By translating your financial data into business information, they will be able to provide expert advice on how to improve your performance and grow your business for the next fiscal year.Learn More
Should you hire a CPA? A cost-benefit analysis
If you’re still don’t know if you should hire an accountant for your small business, we’ve created a cost-benefit template to help make your decision easier.
Think of this as a business-friendly list of pros and cons: you add up the expected rewards and subtract the associated costs to decide if hiring an accountant will be worth your while.
Benefits of hiring a CPA
Save your time
By hiring an accountant focused on your accounting and financial needs, you’ll be able to focus more on your business’s core goals and grow your brand.

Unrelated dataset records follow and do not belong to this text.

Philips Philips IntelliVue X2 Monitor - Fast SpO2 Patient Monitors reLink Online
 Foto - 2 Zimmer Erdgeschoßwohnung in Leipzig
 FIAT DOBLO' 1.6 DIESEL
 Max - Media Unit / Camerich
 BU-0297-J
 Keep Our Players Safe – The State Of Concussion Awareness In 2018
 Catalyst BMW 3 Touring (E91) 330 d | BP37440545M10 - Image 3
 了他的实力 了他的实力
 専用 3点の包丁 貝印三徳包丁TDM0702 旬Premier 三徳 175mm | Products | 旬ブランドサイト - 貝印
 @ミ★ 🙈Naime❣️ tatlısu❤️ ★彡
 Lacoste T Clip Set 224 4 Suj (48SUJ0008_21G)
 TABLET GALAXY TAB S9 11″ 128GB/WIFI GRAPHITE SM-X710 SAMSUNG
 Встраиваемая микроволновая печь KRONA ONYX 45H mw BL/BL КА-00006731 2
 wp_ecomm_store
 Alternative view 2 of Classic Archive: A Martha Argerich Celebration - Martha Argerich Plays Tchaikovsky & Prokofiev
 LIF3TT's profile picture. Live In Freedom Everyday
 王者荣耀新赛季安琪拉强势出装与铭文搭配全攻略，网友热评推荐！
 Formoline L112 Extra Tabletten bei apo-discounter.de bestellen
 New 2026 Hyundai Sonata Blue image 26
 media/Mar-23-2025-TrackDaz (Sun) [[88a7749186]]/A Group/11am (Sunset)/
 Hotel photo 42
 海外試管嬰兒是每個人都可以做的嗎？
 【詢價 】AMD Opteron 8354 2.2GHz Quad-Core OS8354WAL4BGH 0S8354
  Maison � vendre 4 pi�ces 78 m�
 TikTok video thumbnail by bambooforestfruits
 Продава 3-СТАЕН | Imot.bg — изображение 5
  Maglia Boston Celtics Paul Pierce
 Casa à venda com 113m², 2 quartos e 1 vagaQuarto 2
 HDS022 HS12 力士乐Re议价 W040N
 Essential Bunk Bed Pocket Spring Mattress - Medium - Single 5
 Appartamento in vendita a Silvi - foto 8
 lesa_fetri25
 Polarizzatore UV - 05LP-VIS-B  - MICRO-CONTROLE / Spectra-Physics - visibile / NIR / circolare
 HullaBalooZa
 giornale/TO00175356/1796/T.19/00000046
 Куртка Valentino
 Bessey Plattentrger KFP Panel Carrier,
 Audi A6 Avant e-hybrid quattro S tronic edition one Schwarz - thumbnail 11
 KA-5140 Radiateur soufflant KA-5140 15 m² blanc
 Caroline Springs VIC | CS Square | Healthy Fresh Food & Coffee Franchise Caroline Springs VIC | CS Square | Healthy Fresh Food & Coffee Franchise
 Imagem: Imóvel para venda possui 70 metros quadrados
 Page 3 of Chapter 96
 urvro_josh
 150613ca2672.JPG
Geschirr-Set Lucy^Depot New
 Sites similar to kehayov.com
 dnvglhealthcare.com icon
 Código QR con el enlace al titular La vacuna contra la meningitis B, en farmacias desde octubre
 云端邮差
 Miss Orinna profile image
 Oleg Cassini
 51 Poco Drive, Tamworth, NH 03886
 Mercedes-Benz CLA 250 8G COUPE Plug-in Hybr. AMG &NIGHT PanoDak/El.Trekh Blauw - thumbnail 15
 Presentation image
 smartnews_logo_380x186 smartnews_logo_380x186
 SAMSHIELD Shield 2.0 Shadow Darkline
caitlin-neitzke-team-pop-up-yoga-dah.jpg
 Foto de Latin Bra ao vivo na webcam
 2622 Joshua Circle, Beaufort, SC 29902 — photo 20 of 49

For this benefit, multiply the hours you spend on bookkeeping (plus the overhead costs of any benefits) by your hourly rate.
Better financial planning
When you hire a CPA, you’ll have a detailed record of all financial transactions. This will help you to forecast any potential financial losses or gains.
Using a professional accountant can help you run your business smoothly and avoid big financial problems in the future.
For this benefit, calculate the potential financial gain you could earn by using the CPA’s planning advice. An accountant can help you pinpoint wasteful expenditures as well as opportunities for you to save cash. They will scrutinize every component of your business to ensure it is as cost-effective as possible.
Avoid tax mistakes or fines
If you go the DIY route, you might accidentally commit a serious tax mistake that could result in a hefty fine.
Hiring a tax professional to manage your finances removes financial risks because the chances of making grave mistakes are almost none.
If you’ve ever experienced tax filing mistakes or fines, you probably have some estimate of how much these can cost.
Costs of hiring a CPA
Some costs are easier to quantify than others. In most cases, you’ll be using averages or estimates.
Wages
Start by finding the average hourly rate for a CPA in your city. Will you hire them on an hourly basis, or would it make more sense to pay a monthly fee? Remember that accountant fees will vary depending on their years of experience and the type of work they offer.
Your time working with them
Calculate the cost of your time working with an accountant. Don’t forget: you’ll still be responsible for getting documentation together, providing required records, and occasional meetings.
Software
The accountant might require you to invest in new software to help facilitate the job.